嬉しくて涙が出てきた。『ダイナマイト・キス』の最後の場面を見てから、しみじみ感じた……これこそ韓国ドラマを貫いているラブコメの王道だ、と。見終わった後にこんなに気分が良くなるのだから、やっぱり『ダイナマイト・キス』は喜びに満ちあふれた作品だ。(以下、ネタバレを含みます)

■王道ラブコメ『ダイナマイト・キス』は見どころ満載!終盤の注目は「どこで記憶を取り戻すのか」

 衝撃的なキスに始まり、感動的なキスで終わる。

 まさに、タイトル通りのドラマだった。

 済州島(チェジュド)で知り合ったコン・ジヒョク(チャン・ギヨン)とコ・ダリム(アン・ウンジン)。

 偶然の出会いであったが、ソウルで同じ職場、育児用品会社ナチュラル・ベベで働くようになってから、御曹司のチーム長ジヒョクがダリムの明るさに影響されてどんどん変わっていった。その変貌ぶりが本当にスリリングであった。

 チャン・ギヨンも当初は気難しいキャラを重く演じていたが、途中から肩の力がどんどん抜けて、後半は底抜けの笑顔を見せるようになった。彼の新しい一面を見た気がした。

 一方のアン・ウンジンは、天性の明るさを持った稀有な女優である。魅惑的な笑顔を見せるときの彼女は特別に輝いていた。

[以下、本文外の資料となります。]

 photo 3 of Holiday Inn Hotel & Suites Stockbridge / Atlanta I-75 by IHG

 ナムグン・ミンと共演した傑作時代劇『恋人~あの日聞いた花の咲く音~』では、厳しい戦乱の中でどんどん性格が変わっていくという重々しいヒロインを演じていたが、この『ダイナマイト・キス』では、もう「ラブコメの女王」と呼びたくなるほど笑顔で突き抜けていた。

 さらに、主役コンビを囲む共演陣も充実していた。

 サイドストーリーとして、ダリムの長年の友人でシングルファザーの写真家キム・ソヌ(キム・ムジュン)と、財閥令嬢ユ・ハヨン(ウ・ダビ)のラブロマンスが並行して描かれ、2人の関係の先行きも本当に気になった。ソヌの息子とハヨンの交流も丁寧に描かれていた。

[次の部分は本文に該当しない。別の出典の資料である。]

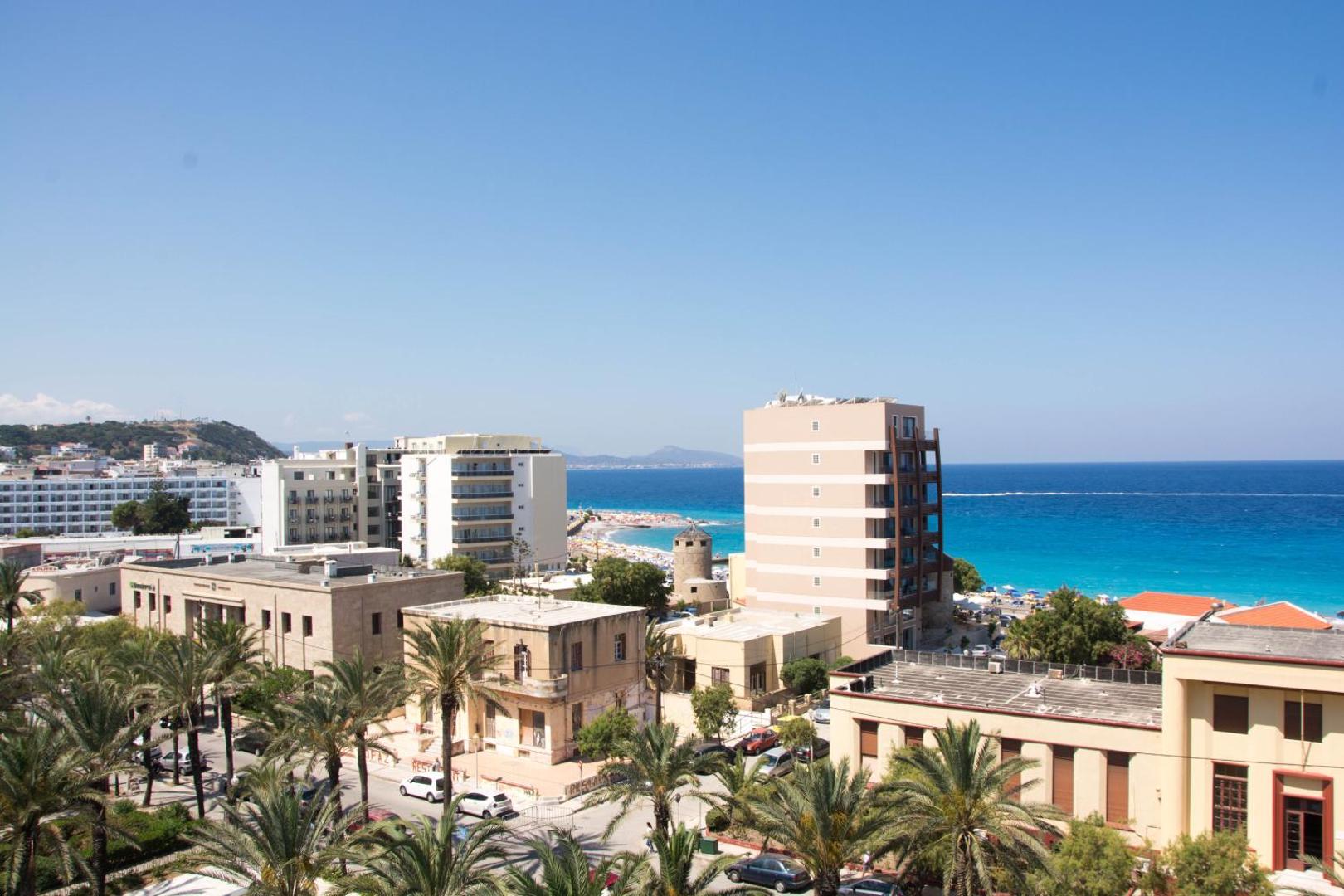 Ibiscus Hotel 8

 また、ジヒョクの母親(ナム・ギエ)とダリムの母親(チャ・ミギョン)の絆も温かくて、ホロリとさせられる名場面に結びついていた。

 さらに、職場でダリムと一緒に働いた3人の同僚(パク・ジア、チョン・スヨン、パク・ジョンヨン)も、すごくいい味を出していた。ジヒョクの忠実な補佐役カン・ギョンミョン(シン・ジュヒョプ)も癒し系キャラとして、存在感を発揮していた。

 反対に、悪役はどういう役回りだったのか。ジヒョクの異母姉コン・ジヘ(チョン・ガヒ)がドラマを大いに引っ掻き回したが、ギスギスした悪役ではなく、どこかペーソスがあった。そのおかげで、ドロドロしたドラマにはならなかった。